---- Provided data

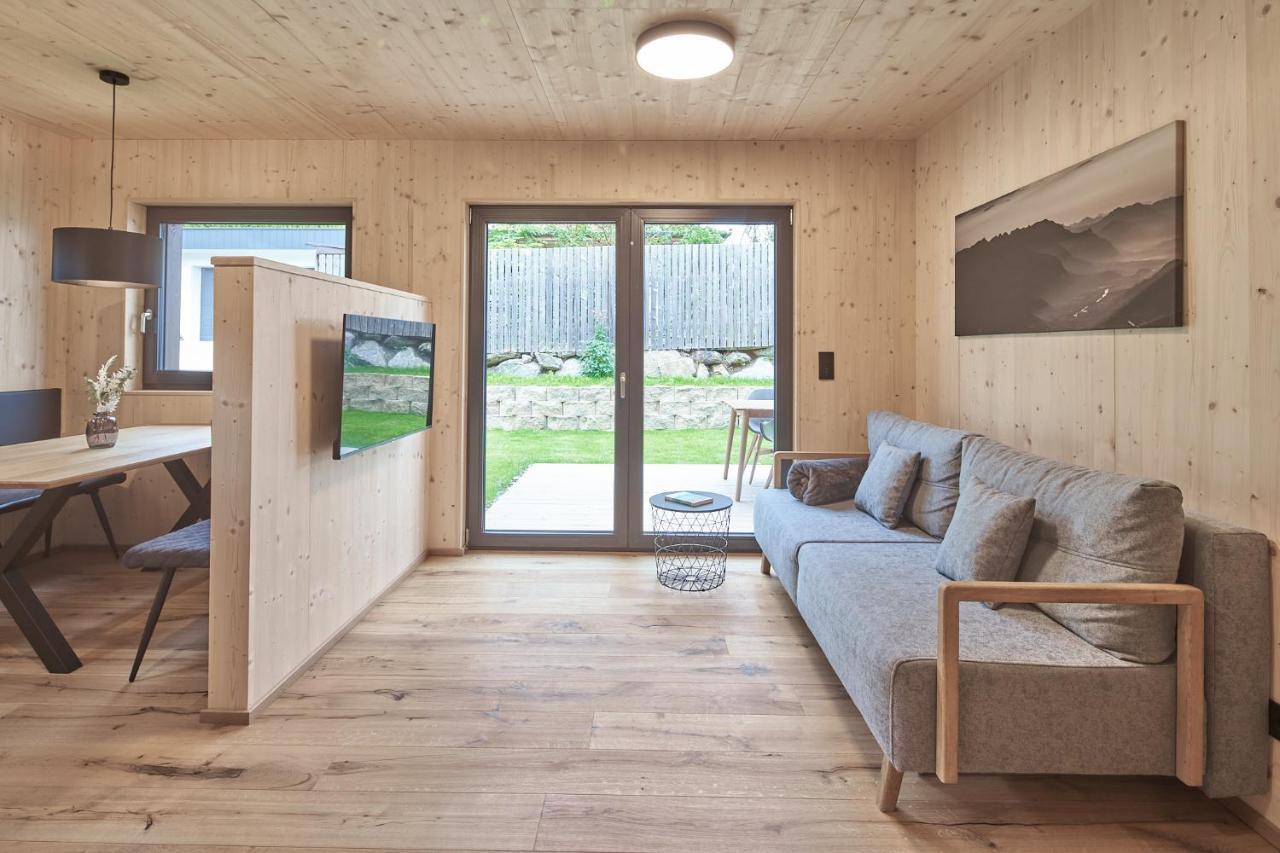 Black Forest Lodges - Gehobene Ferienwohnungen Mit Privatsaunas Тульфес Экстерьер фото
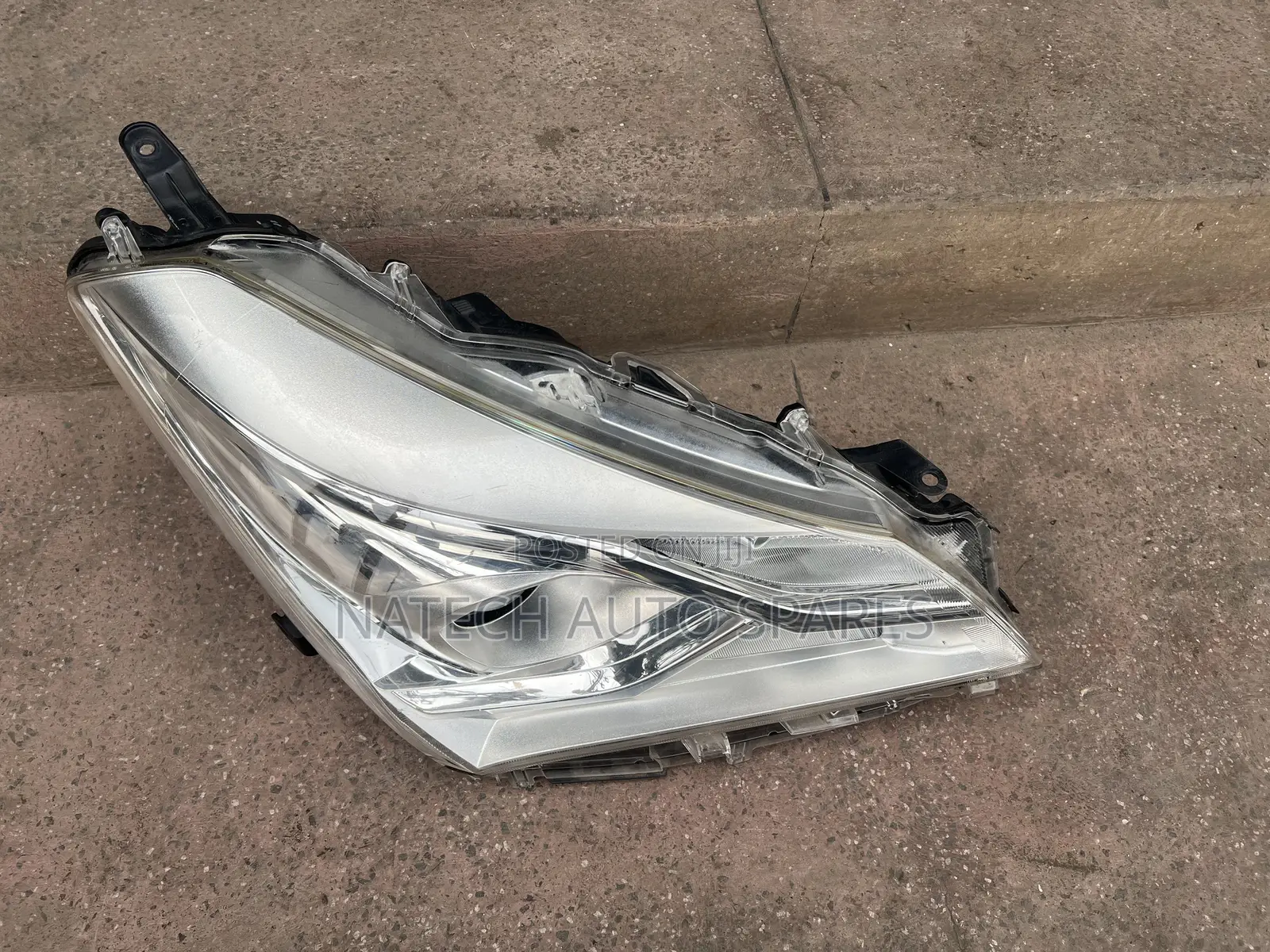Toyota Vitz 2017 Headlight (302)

--------
---- Provided data

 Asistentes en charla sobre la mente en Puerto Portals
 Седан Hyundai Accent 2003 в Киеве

--------

** Task **
Once the line with "Black Forest Lodges" is found above, print it and every line after it through the line with "Toyota Vitz 2017 Headlight (302)", exactly. Pictures stay out.

** Written answer **
 Black Forest Lodges - Gehobene Ferienwohnungen Mit Privatsaunas Тульфес Экстерьер фото
Toyota Vitz 2017 Headlight (302)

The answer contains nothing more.